= WHAT YOU ARE ASKED TO DO =
Could you copy exactly the lines below, beginning at the line with "西门子电冰箱温度调节:如何保持食物新鲜度和节能效果? 西" and stopping after the line with "Pembroke Welsh Corgi", with no pictures?

*** AVAILABLE RECORDS ***

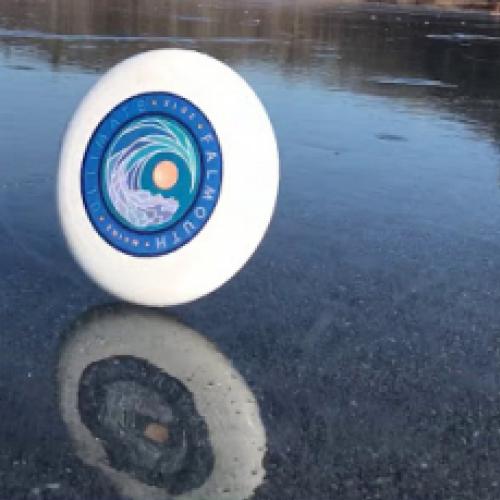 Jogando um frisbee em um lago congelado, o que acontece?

*** End of AVAILABLE RECORDS ***
*** AVAILABLE RECORDS ***

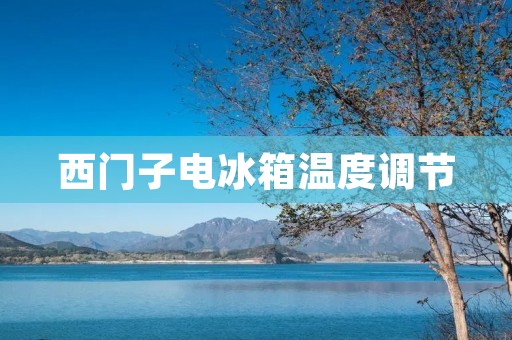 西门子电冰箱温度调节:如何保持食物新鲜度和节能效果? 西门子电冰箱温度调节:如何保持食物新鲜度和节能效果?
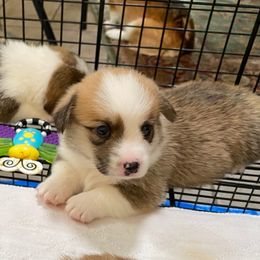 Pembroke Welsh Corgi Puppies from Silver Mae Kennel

*** End of AVAILABLE RECORDS ***

= SOLUTION FOR THIS TASK =
 西门子电冰箱温度调节:如何保持食物新鲜度和节能效果? 西门子电冰箱温度调节:如何保持食物新鲜度和节能效果?
 Pembroke Welsh Corgi Puppies from Silver Mae Kennel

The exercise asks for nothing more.